202404472/1/V3.
Datum uitspraak: 9 september 2024
AFDELING
BESTUURSRECHTSPRAAK
Uitspraak met toepassing van artikel 8:54, eerste lid, van de Algemene wet bestuursrecht op het hoger beroep van:
[de vreemdeling],
appellant,
tegen de uitspraak van de rechtbank Den Haag, zittingsplaats Roermond, van 17 juli 2024 in zaak nr. NL24.27231 in het geding tussen:
de vreemdeling
en
de minister van Asiel en Migratie.
Procesverloop
Bij besluit van 4 juli 2024 heeft de staatssecretaris van Justitie en Veiligheid de vreemdeling in bewaring gesteld.
Bij uitspraak van 17 juli 2024 heeft de rechtbank het daartegen door de vreemdeling ingestelde beroep ongegrond verklaard en het verzoek om schadevergoeding afgewezen.

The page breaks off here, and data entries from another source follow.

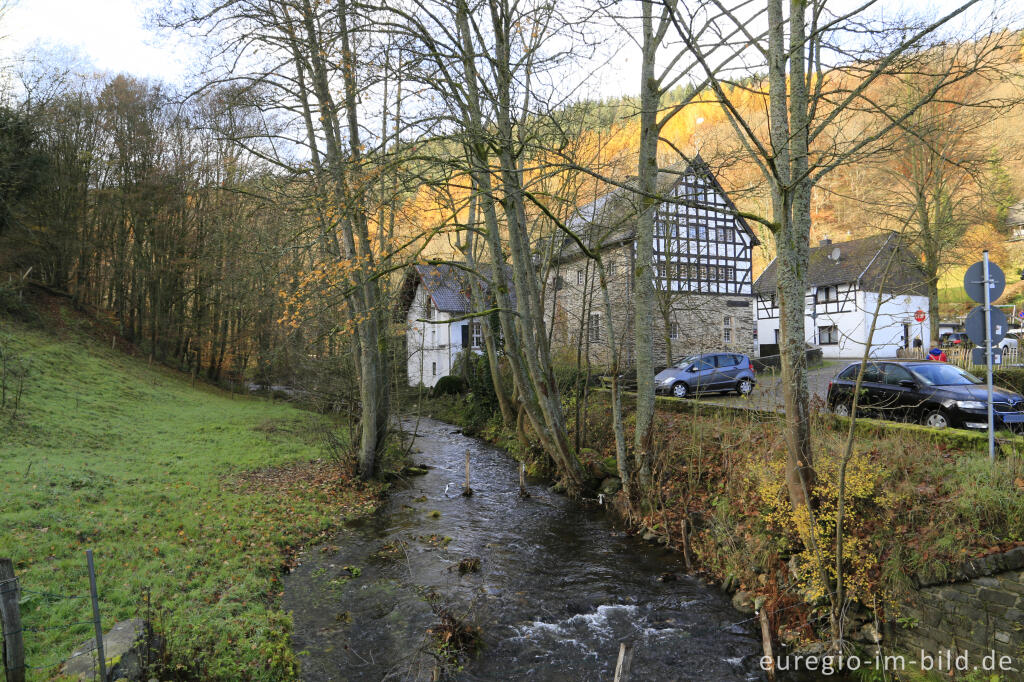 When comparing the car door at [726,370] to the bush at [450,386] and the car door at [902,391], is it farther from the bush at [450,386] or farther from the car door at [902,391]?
the bush at [450,386]

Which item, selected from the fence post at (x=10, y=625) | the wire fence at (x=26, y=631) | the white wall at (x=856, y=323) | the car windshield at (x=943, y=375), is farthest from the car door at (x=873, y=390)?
the white wall at (x=856, y=323)

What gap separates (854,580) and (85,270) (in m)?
34.5

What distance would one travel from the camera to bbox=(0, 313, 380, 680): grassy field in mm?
6121

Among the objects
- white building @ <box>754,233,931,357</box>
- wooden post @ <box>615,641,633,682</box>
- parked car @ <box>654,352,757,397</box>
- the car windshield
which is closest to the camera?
wooden post @ <box>615,641,633,682</box>

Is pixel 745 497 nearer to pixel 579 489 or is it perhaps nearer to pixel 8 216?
pixel 579 489

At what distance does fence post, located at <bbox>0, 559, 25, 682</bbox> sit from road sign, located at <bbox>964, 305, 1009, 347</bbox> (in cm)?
1018

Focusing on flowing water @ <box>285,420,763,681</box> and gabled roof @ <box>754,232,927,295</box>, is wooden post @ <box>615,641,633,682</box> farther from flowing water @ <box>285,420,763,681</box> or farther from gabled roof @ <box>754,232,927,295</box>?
gabled roof @ <box>754,232,927,295</box>

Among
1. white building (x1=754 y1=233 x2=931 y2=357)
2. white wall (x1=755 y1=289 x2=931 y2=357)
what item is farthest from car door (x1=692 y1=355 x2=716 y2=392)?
white building (x1=754 y1=233 x2=931 y2=357)

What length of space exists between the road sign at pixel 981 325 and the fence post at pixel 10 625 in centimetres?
1018

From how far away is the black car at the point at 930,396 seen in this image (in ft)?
34.0

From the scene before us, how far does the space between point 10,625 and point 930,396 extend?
11.9 meters

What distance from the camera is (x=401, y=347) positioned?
69.5ft

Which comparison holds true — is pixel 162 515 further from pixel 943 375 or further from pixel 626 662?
pixel 943 375

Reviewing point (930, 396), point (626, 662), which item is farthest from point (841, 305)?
point (626, 662) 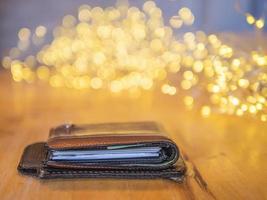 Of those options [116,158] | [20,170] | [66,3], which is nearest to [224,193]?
[116,158]

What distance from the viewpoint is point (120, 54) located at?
308cm

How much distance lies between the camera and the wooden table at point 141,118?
1.08 meters

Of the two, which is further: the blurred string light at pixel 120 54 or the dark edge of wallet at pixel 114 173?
the blurred string light at pixel 120 54

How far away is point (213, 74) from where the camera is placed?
76.3 inches

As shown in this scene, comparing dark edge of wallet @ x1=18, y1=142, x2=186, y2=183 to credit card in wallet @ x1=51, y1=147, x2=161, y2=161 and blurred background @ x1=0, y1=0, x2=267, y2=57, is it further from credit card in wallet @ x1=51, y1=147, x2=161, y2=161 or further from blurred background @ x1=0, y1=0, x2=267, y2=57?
blurred background @ x1=0, y1=0, x2=267, y2=57

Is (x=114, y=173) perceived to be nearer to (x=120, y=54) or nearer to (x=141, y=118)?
(x=141, y=118)

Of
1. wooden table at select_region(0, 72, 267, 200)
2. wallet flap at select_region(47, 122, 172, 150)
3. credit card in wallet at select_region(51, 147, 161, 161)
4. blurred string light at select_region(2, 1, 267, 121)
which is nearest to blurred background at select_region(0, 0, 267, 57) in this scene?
blurred string light at select_region(2, 1, 267, 121)

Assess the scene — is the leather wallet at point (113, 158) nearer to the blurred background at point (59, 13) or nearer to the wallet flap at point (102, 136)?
the wallet flap at point (102, 136)

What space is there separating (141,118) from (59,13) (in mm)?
1685

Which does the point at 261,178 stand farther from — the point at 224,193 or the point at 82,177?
the point at 82,177

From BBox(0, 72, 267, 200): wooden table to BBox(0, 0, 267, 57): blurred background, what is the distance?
2.70ft

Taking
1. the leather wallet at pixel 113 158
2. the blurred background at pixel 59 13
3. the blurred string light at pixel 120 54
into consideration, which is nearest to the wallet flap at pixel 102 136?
the leather wallet at pixel 113 158

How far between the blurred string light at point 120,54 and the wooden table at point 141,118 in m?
0.23

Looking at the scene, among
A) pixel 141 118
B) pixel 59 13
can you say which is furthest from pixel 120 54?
pixel 141 118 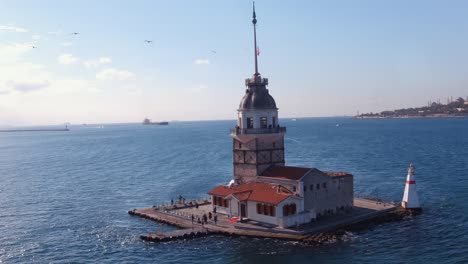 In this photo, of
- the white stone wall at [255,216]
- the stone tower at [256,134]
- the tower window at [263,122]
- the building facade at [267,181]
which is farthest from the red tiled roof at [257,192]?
the tower window at [263,122]

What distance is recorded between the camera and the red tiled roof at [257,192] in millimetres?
53594

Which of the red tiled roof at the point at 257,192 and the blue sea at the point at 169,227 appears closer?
the blue sea at the point at 169,227

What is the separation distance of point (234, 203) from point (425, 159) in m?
76.2

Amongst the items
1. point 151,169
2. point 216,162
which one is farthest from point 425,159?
point 151,169

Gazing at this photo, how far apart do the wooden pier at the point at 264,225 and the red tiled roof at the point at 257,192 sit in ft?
8.79

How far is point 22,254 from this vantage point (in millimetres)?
48812

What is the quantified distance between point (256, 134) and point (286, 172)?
620 cm

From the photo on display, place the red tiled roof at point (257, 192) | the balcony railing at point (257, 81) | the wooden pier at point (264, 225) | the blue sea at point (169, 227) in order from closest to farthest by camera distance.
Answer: the blue sea at point (169, 227) < the wooden pier at point (264, 225) < the red tiled roof at point (257, 192) < the balcony railing at point (257, 81)

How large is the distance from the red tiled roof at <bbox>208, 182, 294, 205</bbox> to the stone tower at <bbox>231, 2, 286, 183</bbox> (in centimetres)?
246

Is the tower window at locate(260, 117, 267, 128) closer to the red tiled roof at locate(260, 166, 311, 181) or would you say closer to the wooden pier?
the red tiled roof at locate(260, 166, 311, 181)

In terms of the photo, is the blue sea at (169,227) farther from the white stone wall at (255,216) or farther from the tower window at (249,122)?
the tower window at (249,122)

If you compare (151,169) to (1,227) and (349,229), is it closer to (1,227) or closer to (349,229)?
(1,227)

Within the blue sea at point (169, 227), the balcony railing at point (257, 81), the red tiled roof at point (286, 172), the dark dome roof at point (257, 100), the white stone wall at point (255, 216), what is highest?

Tegen deze uitspraak heeft de vreemdeling, vertegenwoordigd door mr. M.C. de Jong, advocaat in Rotterdam, hoger beroep ingesteld.
Overwegingen
1. Op 2 juli 2024 is het kabinet-Schoof aangetreden. Met ingang van die datum is de minister van Asiel en Migratie de bevoegde bewindspersoon voor zover het gaat over aangelegenheden op het terrein van asiel en migratie. Deze taken behoorden eerder tot het takenpakket van de staatssecretaris van Justitie en Veiligheid (Koninklijk Besluit van 2 juli 2024, Staatscourant 2024, nr. 22497).
2. De vreemdeling is op 4 juli 2024 in bewaring gesteld. De maatregel van bewaring is ondertekend door een door de korpschef aangewezen inspecteur van de politie namens de staatssecretaris van Justitie en Veiligheid.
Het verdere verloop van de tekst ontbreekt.